Рец. на кн.: Лемберский П. Уникальный случай: Рассказы. М., 2009)
Опубликовано в журнале НЛО, номер 4, 2010
ТОЛСТОЙ, ШЕКСПИР И МУЗЫКОВЕДЫ
Лемберский П. Уникальный случай: Рассказы. — М.: Русский Гулливер, 2009. — 212 с.
Проза Павла Лемберского продолжает сразу несколько линий русской литературы. В предваряющих книгу кратких заметках этот писатель назван “Борхесом, пишущим языком Бабеля”. В предисловии Эндрю Вахтель выстраивает весьма примечательную линию предшественников Лемберского — здесь и Гоголь, и Лесков, и Андрей Белый, и тот же Бабель, и Даниил Хармс. Определенная логика в этом, безусловно, есть, однако гораздо важнее, на мой взгляд, продолжение и развитие опыта существования русской литературы в иноязычном окружении. Благодаря Интернету и возникновению разного рода социальных сетей эмиграция как культурный феномен практически исчезла. И русские писатели, живущие в Европе, Америке или Австралии, не говоря уже о республиках бывшего СССР, являются теперь полноценными участниками общего литературного процесса. Тем не менее русский язык в иноязычном окружении существует, воспринимается и развивается совершенно по-другому. Вспоминается, к примеру, выступление одного литературного знакомого, проживающего в Нью-Йорке, против включения русскими поэтами в свои произведения английских слов и выражений.

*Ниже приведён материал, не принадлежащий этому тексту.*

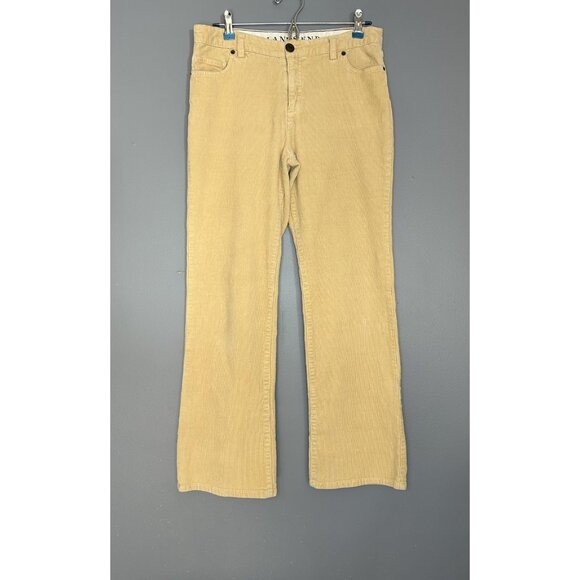 Lands' End Corduroy Pants Womens 10 Tan Straight Leg Stretch Mid Rise Very Soft - Picture 11 of 12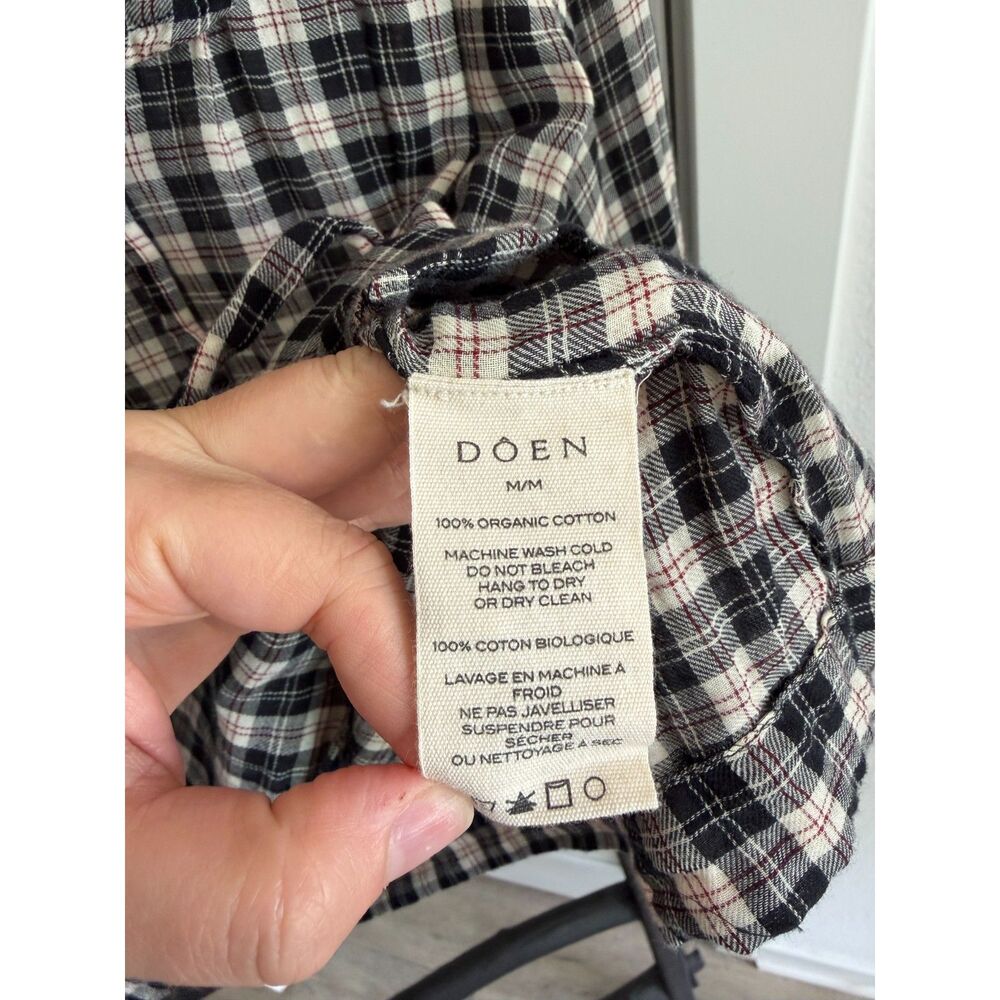 Doen Joelle Top NAVY COUNTRYSIDE PLAID size M - Picture 7 of 14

Таким образом, при сохраняющейся культурной и языковой общности авторов теперь различает не столько географическое положение, сколько статус языка, с которым они работают. Если этот язык является государственным и фактически единственным языком культуры, то, во-первых, возникает желание бороться с его тоталитарным давлением, во-вторых, приветствуются различные языковые эксперименты, в том числе и иноязычные включения, которые помогают ощутить какой-то дополнительный объем собственного текста. Если же язык становится субкультурным явлением, то любое нарушение его границ начинает восприниматься как угроза существованию всей этой субкультуры. Большой плюс прозы Павла Лемберского я вижу в том, что у него нет ни этой ограниченности, ни преувеличенного языкового пуризма. Он работает с языком в том виде, в котором этот язык существует в данный момент и в данном месте. Этот язык чуть-чуть отстает от состояния русского языка собственно в России, но зато естественно включает в себя и англицизмы, и эмигрантские новообразования. Язык Лемберского уже сам по себе дает возможность представить быт и мироощущение русских в Америке. Для этого достаточно проанализировать с точки зрения этимологии лексику хотя бы одного рассказа — простое процентное соотношение покажет, что происходит в головах наших бывших соотечественников (речь тут, конечно, идет о рассказах, написанных на американском материале). Средством познания у Лемберского становится именно язык с разной его сегментацией, потому что из-за своеобразия его творческой манеры какой-то прямой информации из рассказов получить невозможно. Причина в том, что Лемберский, вопервых, активно пользуется гротеском, во-вторых, вовсе и не ставит перед собой цель рассказать историю.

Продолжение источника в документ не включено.